WORK ITEM – From the first line of the listing to the last, set down everything exactly, but skip the images.

SUPPLIED RECORDS –
--- START ---
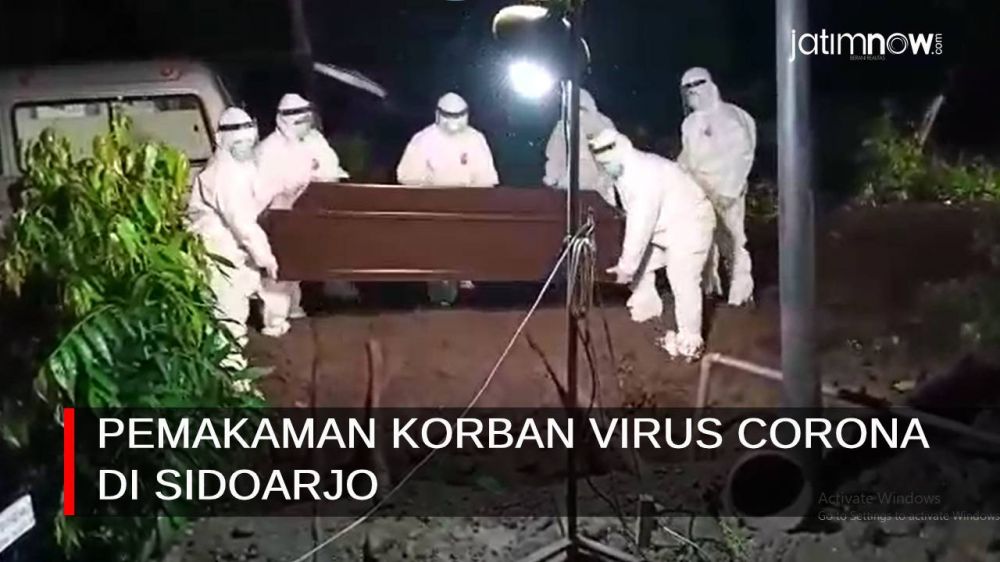Video: Detik-detik Pemakaman Korban Corona 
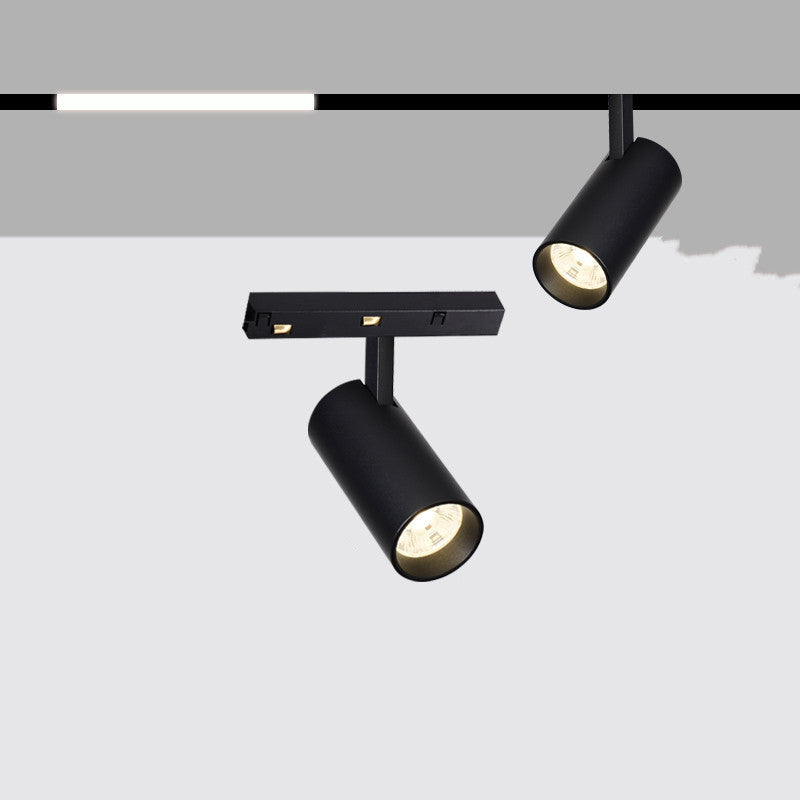 Proiector LED Sina Magnetica Incastrata, Lumina Calda, Reglabil, 12W, Negru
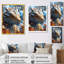 «Majestic Dragon Fantasy Portrait - Dragons», reproduction d'art murale-923931381-923931380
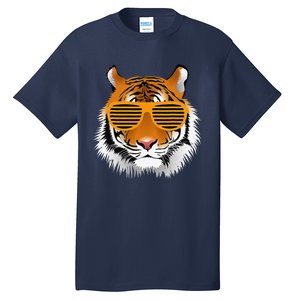 Birthday For Boy Cool Tiger Striped Animal Theme Party Tall T-Shirt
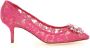 Dolce & Gabbana Kristalversierde hakken pompen roze Pink Dames - Thumbnail 9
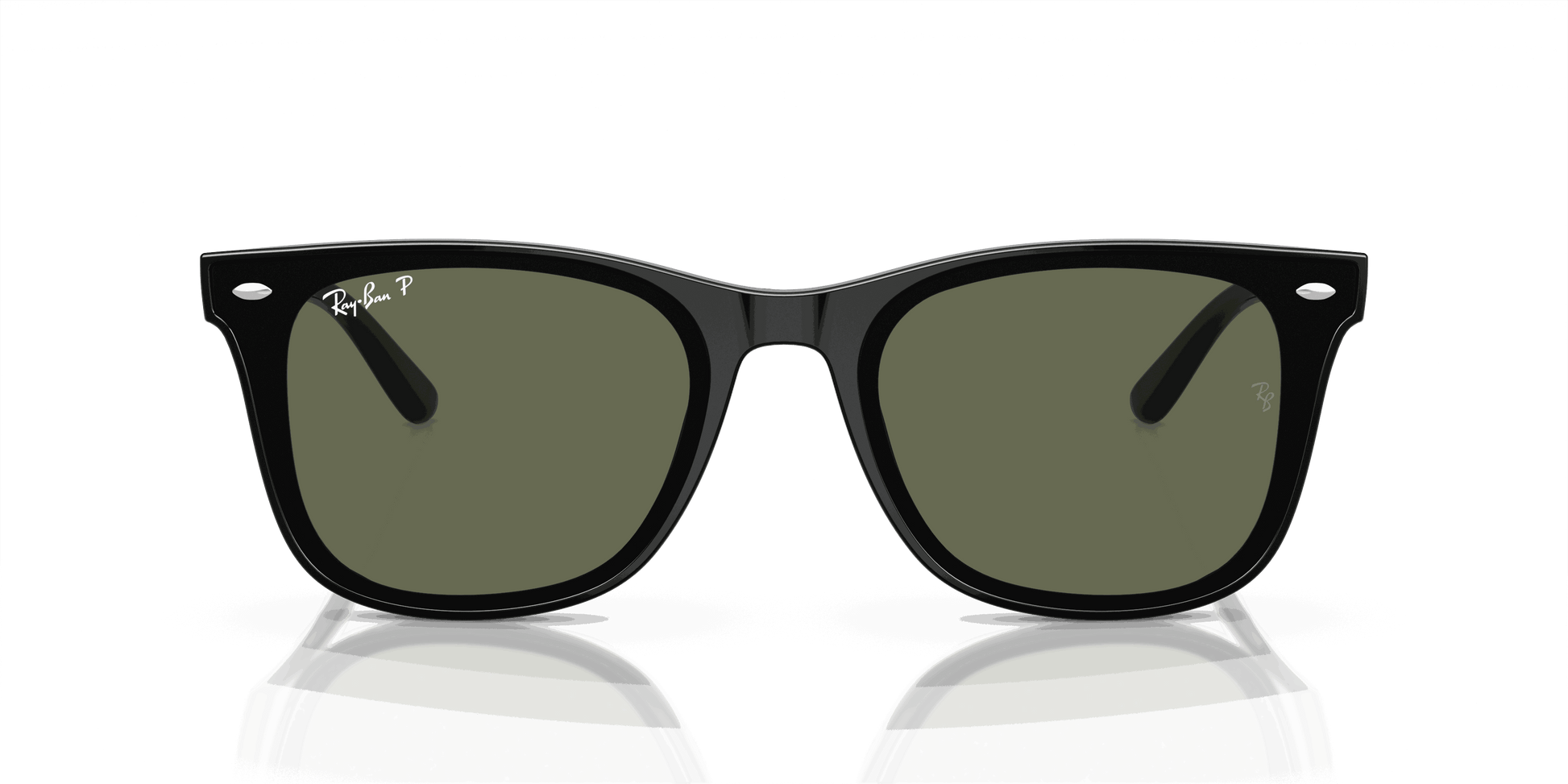 [Dark Green Lenses, Polished Black Frame]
--- END ---
EXERCISE SOLUTION –
Video: Detik-detik Pemakaman Korban Corona 
 Proiector LED Sina Magnetica Incastrata, Lumina Calda, Reglabil, 12W, Negru
 «Majestic Dragon Fantasy Portrait - Dragons», reproduction d'art murale-923931381-923931380
 Birthday For Boy Cool Tiger Striped Animal Theme Party Tall T-Shirt
 Dolce & Gabbana Kristalversierde hakken pompen roze Pink Dames - Thumbnail 9
 [Dark Green Lenses, Polished Black Frame]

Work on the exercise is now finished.